(Exercise brief): Below is a listing; restate from it, character for character, the lines beginning at the line holding "864 Kirkwall Dr, Akron, OH 44321 - Photo 1" and ending at the line holding "(On Sale) JAGUAR", both included.

##### Data for this exercise #####

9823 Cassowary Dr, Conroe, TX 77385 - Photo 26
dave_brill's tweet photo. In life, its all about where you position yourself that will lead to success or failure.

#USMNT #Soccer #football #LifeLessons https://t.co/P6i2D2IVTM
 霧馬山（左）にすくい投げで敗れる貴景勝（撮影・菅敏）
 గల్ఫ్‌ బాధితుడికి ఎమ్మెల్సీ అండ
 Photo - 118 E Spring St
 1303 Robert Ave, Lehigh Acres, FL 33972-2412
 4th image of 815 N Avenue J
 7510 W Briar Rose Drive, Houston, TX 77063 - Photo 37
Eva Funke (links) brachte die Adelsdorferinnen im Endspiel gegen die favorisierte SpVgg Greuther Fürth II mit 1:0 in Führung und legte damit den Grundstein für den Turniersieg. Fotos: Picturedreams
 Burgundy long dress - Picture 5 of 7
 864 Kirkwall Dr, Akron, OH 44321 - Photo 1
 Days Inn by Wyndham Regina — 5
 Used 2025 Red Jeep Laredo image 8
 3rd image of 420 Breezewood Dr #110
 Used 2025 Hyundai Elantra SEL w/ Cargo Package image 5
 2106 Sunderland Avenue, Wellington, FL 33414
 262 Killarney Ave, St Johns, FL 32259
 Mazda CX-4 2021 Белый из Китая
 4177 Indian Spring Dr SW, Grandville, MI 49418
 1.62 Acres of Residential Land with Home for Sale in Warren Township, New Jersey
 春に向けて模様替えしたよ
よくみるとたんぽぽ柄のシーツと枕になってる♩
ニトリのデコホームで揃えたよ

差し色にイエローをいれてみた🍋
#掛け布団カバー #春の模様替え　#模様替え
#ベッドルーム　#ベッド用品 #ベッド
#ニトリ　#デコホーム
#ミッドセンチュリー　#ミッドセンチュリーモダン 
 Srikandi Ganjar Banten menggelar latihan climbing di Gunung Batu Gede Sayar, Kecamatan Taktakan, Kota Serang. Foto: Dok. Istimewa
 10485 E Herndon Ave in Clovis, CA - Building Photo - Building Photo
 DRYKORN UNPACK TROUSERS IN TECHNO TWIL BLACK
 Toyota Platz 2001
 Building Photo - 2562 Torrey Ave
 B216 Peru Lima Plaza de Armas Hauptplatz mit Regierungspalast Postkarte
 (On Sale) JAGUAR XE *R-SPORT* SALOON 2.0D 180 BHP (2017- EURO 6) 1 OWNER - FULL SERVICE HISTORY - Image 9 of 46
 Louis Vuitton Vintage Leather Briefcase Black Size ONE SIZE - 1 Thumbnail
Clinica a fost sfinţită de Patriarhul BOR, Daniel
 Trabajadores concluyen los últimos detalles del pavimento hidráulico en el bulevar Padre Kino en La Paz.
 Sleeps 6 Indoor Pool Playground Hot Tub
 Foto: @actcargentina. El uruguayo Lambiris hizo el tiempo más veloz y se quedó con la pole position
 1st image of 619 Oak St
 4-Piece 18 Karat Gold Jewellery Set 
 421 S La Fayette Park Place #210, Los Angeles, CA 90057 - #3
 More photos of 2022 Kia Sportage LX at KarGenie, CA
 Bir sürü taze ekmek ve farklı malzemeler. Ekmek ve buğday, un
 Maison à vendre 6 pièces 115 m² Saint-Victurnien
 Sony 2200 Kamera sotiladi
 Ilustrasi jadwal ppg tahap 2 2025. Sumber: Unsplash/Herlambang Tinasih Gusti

#####

(Result below):
 864 Kirkwall Dr, Akron, OH 44321 - Photo 1
 Days Inn by Wyndham Regina — 5
 Used 2025 Red Jeep Laredo image 8
 3rd image of 420 Breezewood Dr #110
 Used 2025 Hyundai Elantra SEL w/ Cargo Package image 5
 2106 Sunderland Avenue, Wellington, FL 33414
 262 Killarney Ave, St Johns, FL 32259
 Mazda CX-4 2021 Белый из Китая
 4177 Indian Spring Dr SW, Grandville, MI 49418
 1.62 Acres of Residential Land with Home for Sale in Warren Township, New Jersey
 春に向けて模様替えしたよ
よくみるとたんぽぽ柄のシーツと枕になってる♩
ニトリのデコホームで揃えたよ

差し色にイエローをいれてみた🍋
#掛け布団カバー #春の模様替え　#模様替え
#ベッドルーム　#ベッド用品 #ベッド
#ニトリ　#デコホーム
#ミッドセンチュリー　#ミッドセンチュリーモダン 
 Srikandi Ganjar Banten menggelar latihan climbing di Gunung Batu Gede Sayar, Kecamatan Taktakan, Kota Serang. Foto: Dok. Istimewa
 10485 E Herndon Ave in Clovis, CA - Building Photo - Building Photo
 DRYKORN UNPACK TROUSERS IN TECHNO TWIL BLACK
 Toyota Platz 2001
 Building Photo - 2562 Torrey Ave
 B216 Peru Lima Plaza de Armas Hauptplatz mit Regierungspalast Postkarte
 (On Sale) JAGUAR XE *R-SPORT* SALOON 2.0D 180 BHP (2017- EURO 6) 1 OWNER - FULL SERVICE HISTORY - Image 9 of 46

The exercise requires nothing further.